(Data entries):

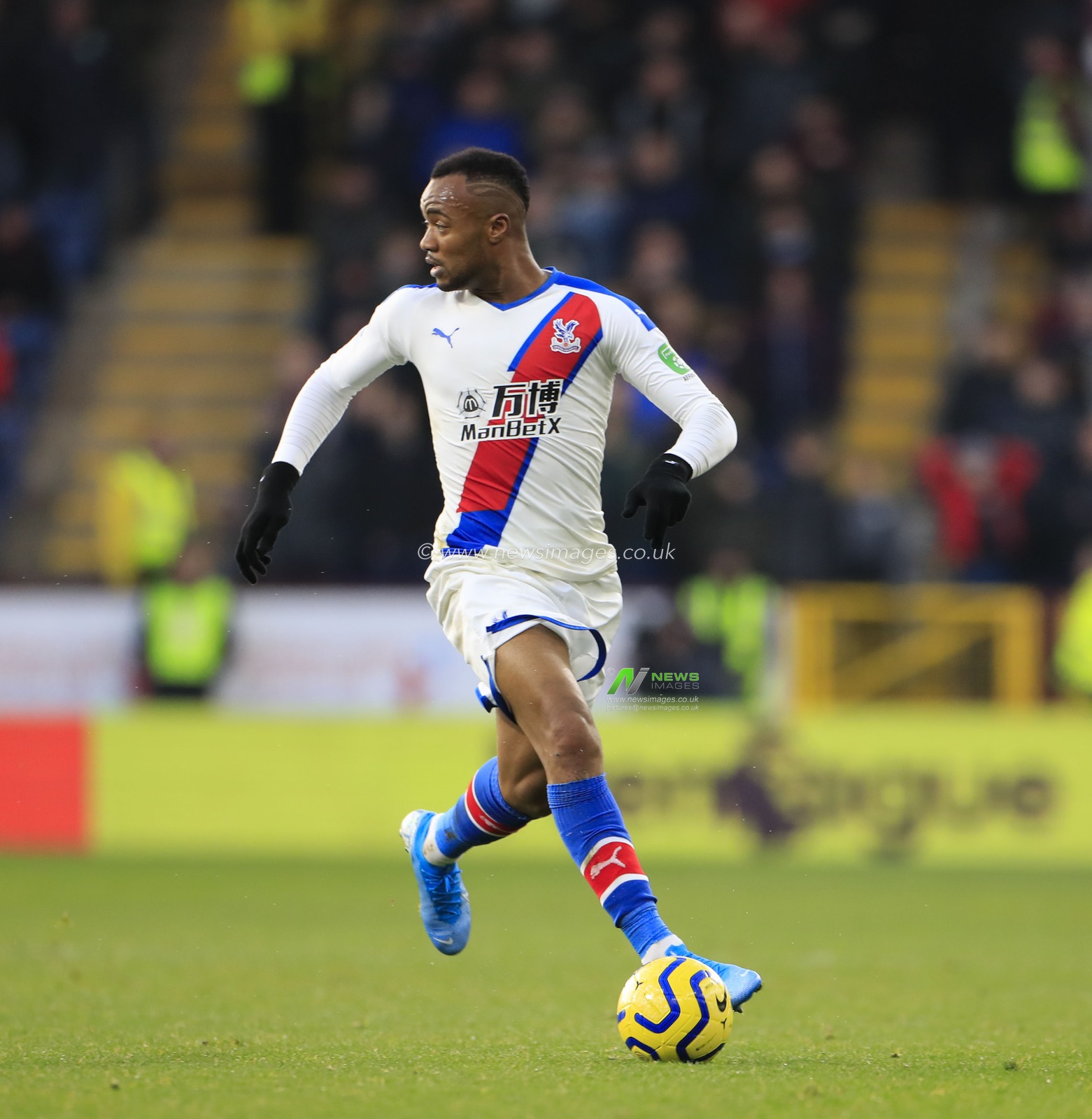 30th November 2019, Turf Moor, Burnley, England; Premier League, Burnley v Crystal Palace : Jordan Ayew (9) of Crystal Palace runs with the ball

Credit: Conor Molloy/News Images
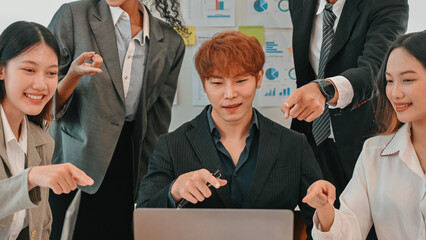 Diverse business team pointing and collaborating around a laptop during a strategy meeting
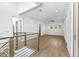 Bright loft area with hardwood floors, neutral paint, modern light fixtures, and ample windows at 1820 Glencoe Rd, Winter Park, FL 32789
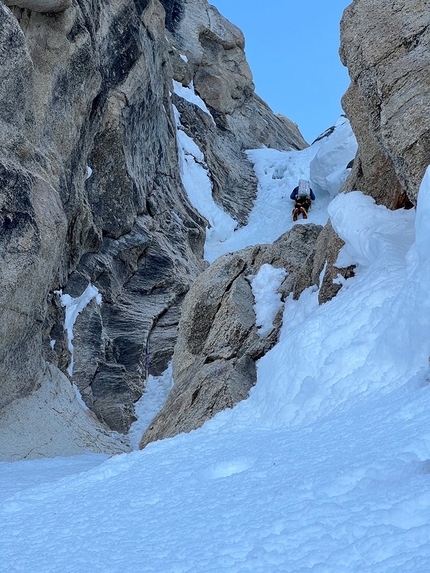 Moose's Tooth, Alaska,  Benjamin Lieber - Benjamin Lieber climbing one of the WI4 pitches about halfway up Ham & Eggs Couloir on Moose's Tooth in Alaska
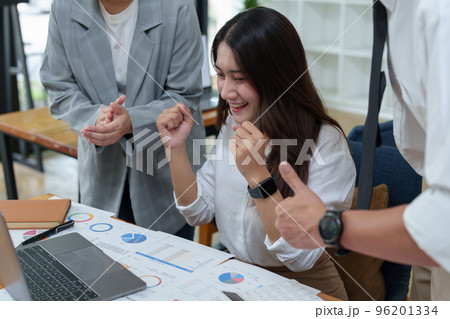 A portrait of three Asian business showing joy from sales of new projects that meet customer demand. 96201334
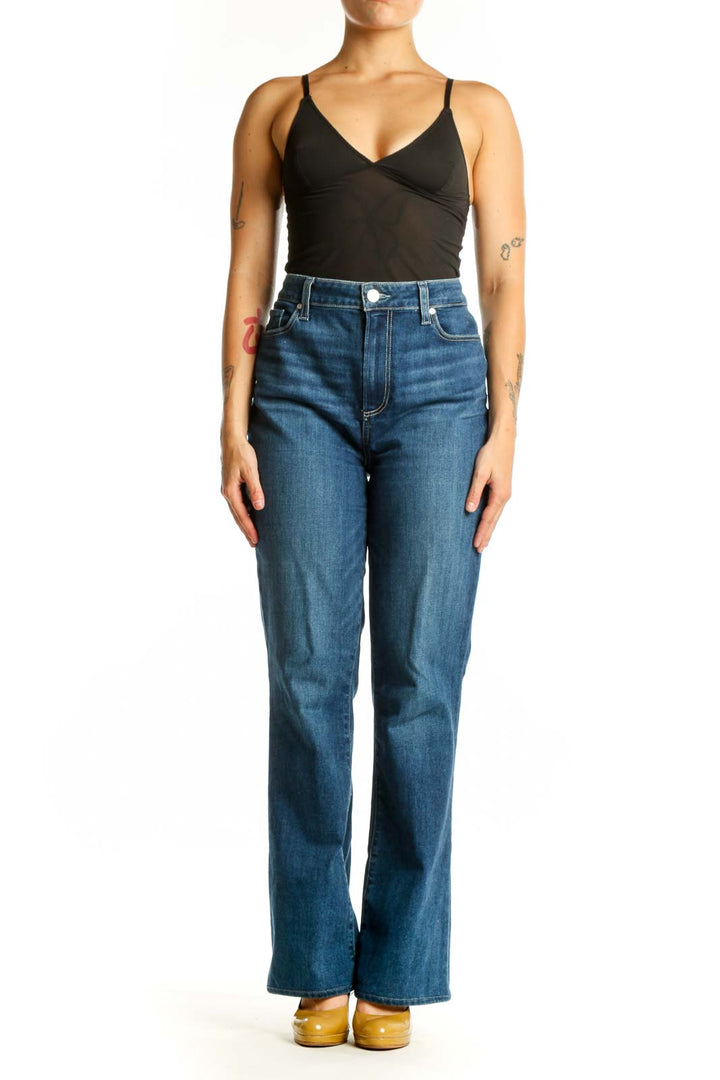 Woman wearing blue high-waisted flare denim jeans by Paige, front view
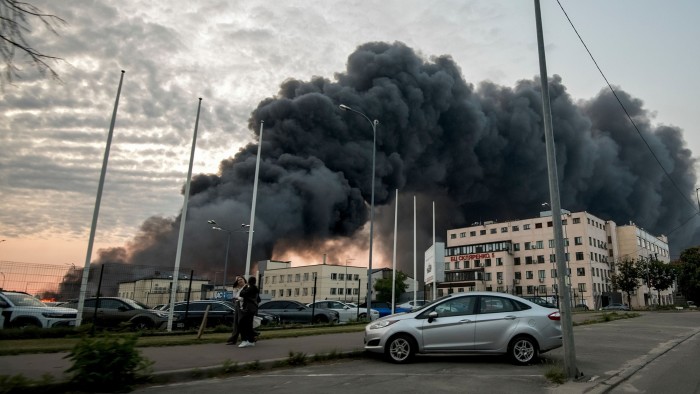 Clouds of smoke rise above the Ukrainian capital following an overnight attack in Kyiv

(Your assignment): Once the line containing "Woman wearing blue" is found, it and every line through the end of the records above should be output exactly, with no pictures.

(Solution for this exercise):
 Woman wearing blue high-waisted flare denim jeans by Paige, front view
 Clouds of smoke rise above the Ukrainian capital following an overnight attack in Kyiv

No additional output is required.